Our own involvement in that movement began last September, when PPS joined Terremark Partners, Shook Kelley, and Gibbs Planning Group for a charrette organized by Rock Ventures. "We proposed developing a Placemaking vision for the major public spaces, and refining the plan through the Power of 10 concept," says Meg Walker, a Vice President at PPS who worked on the project. "That's been a key factor from the start. A lot of developers aren't as enlightened as Dan Gilbert...they wouldn't necessarily think about the glue that's holding this all together."
The Power of 10 framework suggests that a great city needs at least ten great districts, each with at least ten great places, which in turn each have at least ten things to do. Great public spaces produce an energy and enthusiasm that spills over into surrounding areas. By being conscious of this and planning for it from the start, Placemakers can speed up the process of revitalization by making sure that the key places within their district complement each other and great a major regional destination. That is the promise of the Placemaking vision for downtown Detroit. It is a grand experiment made up of many small, human-scaled parts: the largest full-scale Power of 10 exercise undertaken yet.

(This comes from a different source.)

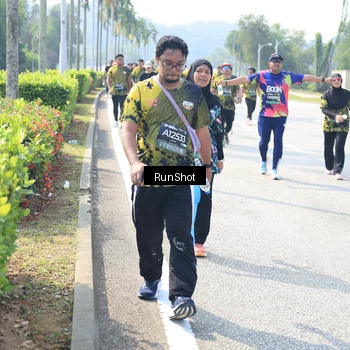 Runner Photo 6943875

And of course, the citizens of Detroit have played a fundamental role in shaping the plan and identifying the attractions and uses that they want to see in their downtown. "The people in Detroit love their city so passionately," says PPS president Fred Kent, who presented the public space plans at Rock's unveiling event yesterday. "It's unlike any other city I've ever been to. When people love Detroit, they really love it. That's what makes it such an ideal place to try something like this. Dan's vision has been to get everyone involved, and tap into that love that Detroiters have for their city. Revitalizing cities around place is all about the community organizing, and his passion for that, and understanding of it, is truly revolutionary."

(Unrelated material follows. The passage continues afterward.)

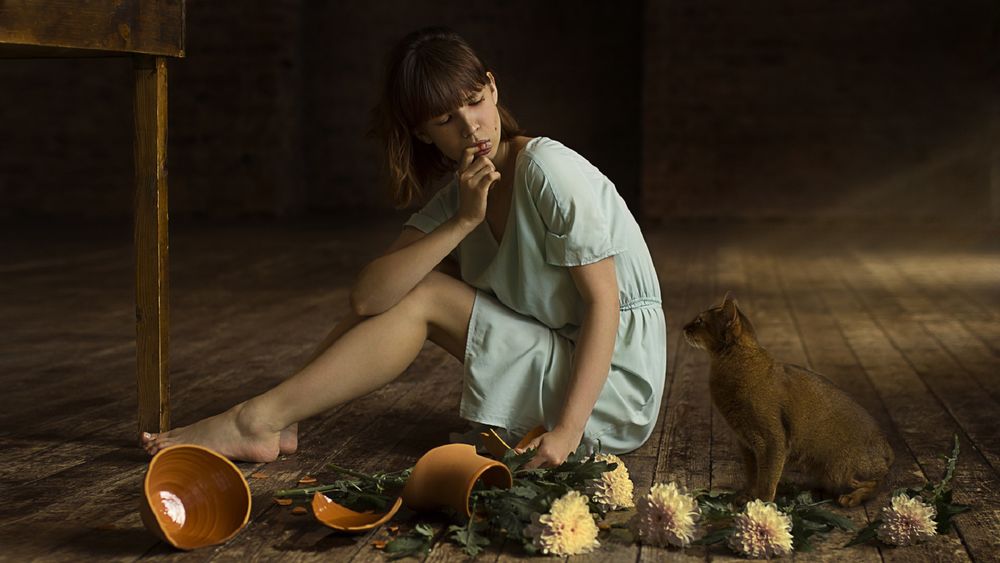 Обои для рабочего стола Девушка с кошкой сидит на полу, by Вячеслав Щербаков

That passion was channeled via a slew of engagement activities over the past several months. This included a series of Placemaking workshops last November and December, and an interactive pop-up "Placemaking hut" at the annual holiday tree lighting ceremony in Campus Martius. This activity was bolstered by interviews and focus groups, input from which was used to create a stunning, detailed report in February that was used by Rock to create the vision plan for downtown, which is available online as a PDF here. (Really, don't miss it!) "We knew that we need public input," says Walker. "You can't just come up with this kind of plan in a vacuum.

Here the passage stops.